• [PROBLEM DETAILS]:
With the pictures left out, restate every entry word for word.

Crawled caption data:
>>>

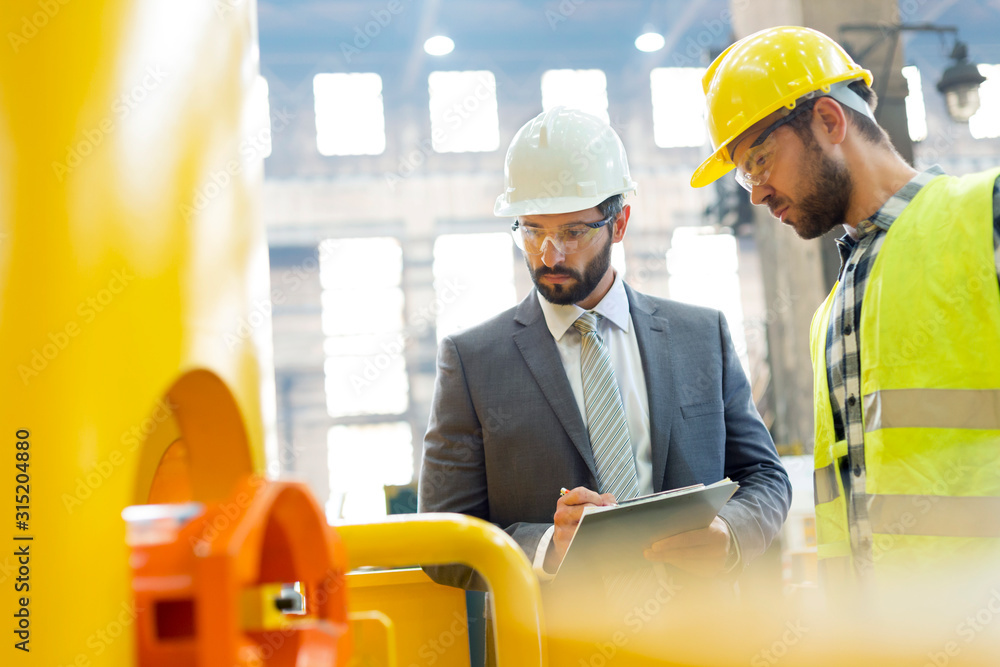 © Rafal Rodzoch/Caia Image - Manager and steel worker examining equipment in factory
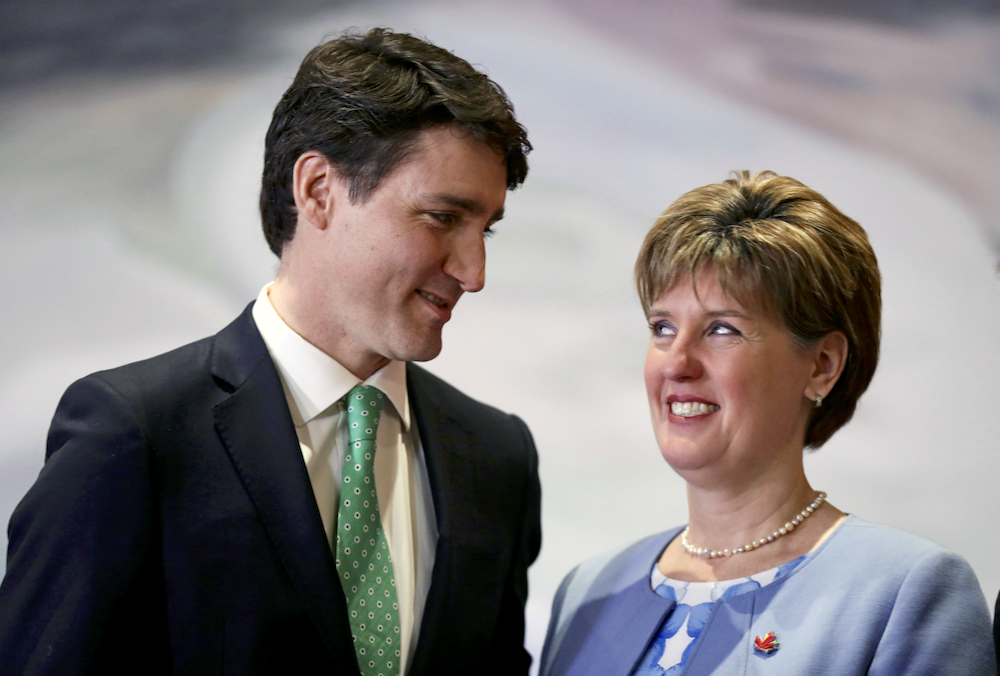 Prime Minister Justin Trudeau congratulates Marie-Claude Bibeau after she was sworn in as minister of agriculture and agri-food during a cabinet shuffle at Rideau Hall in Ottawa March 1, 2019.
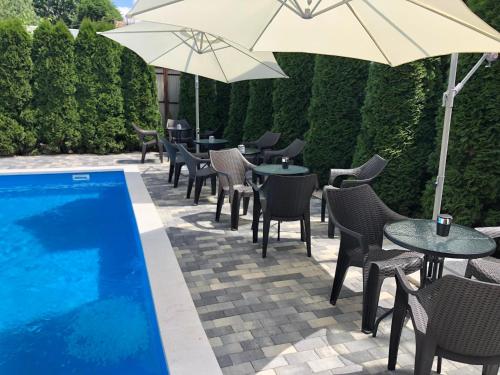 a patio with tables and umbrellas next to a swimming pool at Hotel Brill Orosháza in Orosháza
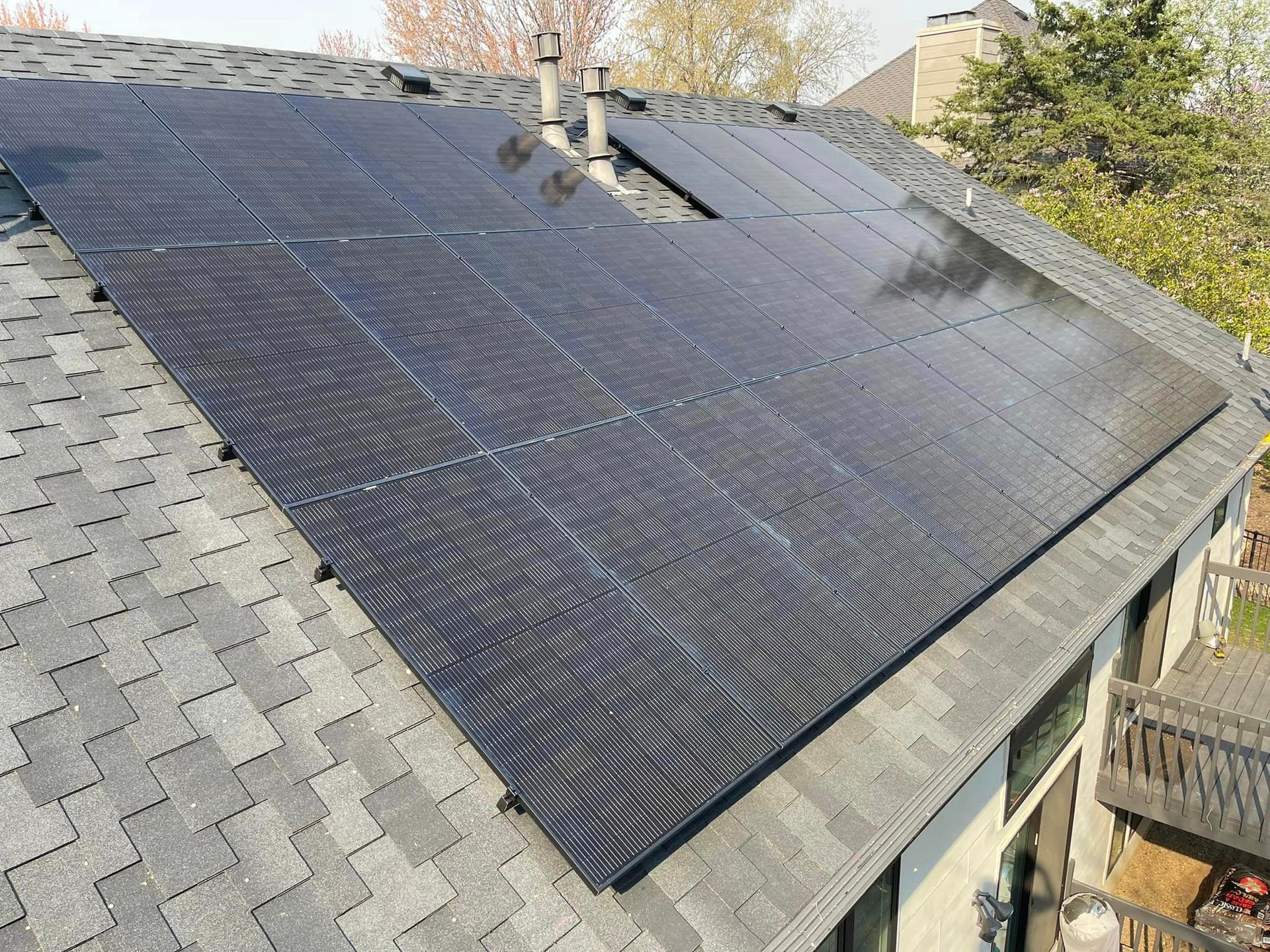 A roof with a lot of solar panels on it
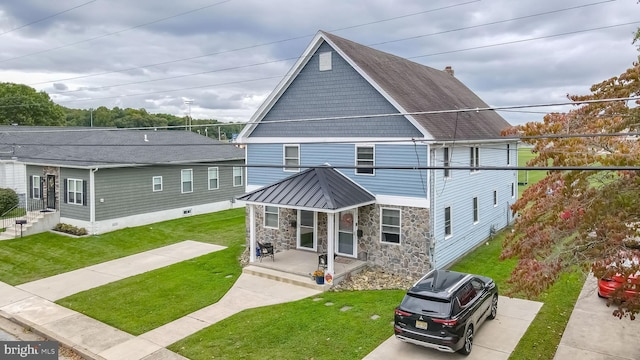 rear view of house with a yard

<<<

• [TASK OUTPUT]:
 © Rafal Rodzoch/Caia Image - Manager and steel worker examining equipment in factory
 Prime Minister Justin Trudeau congratulates Marie-Claude Bibeau after she was sworn in as minister of agriculture and agri-food during a cabinet shuffle at Rideau Hall in Ottawa March 1, 2019.
 a patio with tables and umbrellas next to a swimming pool at Hotel Brill Orosháza in Orosháza
 A roof with a lot of solar panels on it
 rear view of house with a yard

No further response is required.